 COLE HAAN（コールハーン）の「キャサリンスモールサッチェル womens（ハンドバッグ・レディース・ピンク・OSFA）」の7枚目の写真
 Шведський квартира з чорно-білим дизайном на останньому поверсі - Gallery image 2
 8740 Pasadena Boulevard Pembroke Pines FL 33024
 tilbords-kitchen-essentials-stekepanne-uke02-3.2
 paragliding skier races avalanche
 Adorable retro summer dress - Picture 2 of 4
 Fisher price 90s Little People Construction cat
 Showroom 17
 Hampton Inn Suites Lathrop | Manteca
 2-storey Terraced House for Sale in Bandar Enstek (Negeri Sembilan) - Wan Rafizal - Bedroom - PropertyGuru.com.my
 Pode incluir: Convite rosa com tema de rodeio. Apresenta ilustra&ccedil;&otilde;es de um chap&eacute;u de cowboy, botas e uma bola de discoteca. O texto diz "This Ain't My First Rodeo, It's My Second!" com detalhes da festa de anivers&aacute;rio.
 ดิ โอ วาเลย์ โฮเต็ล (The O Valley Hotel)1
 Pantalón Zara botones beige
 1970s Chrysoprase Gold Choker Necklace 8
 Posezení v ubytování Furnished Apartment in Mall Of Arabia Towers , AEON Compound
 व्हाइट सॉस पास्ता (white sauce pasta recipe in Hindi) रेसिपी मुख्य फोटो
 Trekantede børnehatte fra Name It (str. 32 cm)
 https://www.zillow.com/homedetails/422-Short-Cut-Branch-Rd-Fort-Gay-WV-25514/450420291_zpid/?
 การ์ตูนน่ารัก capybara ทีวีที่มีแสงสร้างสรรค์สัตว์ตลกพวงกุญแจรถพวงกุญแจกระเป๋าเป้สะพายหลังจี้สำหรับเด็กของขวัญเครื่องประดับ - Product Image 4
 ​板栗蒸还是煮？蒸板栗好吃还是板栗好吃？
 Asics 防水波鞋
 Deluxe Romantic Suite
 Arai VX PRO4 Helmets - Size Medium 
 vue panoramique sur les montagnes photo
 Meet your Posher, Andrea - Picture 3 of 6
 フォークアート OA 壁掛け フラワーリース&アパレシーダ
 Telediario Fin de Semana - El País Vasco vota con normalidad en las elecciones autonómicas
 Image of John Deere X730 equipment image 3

┄┄┄┄┄┄┄┄┄┄┄┄┄┄┄┄┄┄┄┄

#### [WORK TASK]
Whenever the word "Picture" appears in a line of the listing, report that line.

#### [RESULT FOR THIS EXERCISE]
 Adorable retro summer dress - Picture 2 of 4
 Meet your Posher, Andrea - Picture 3 of 6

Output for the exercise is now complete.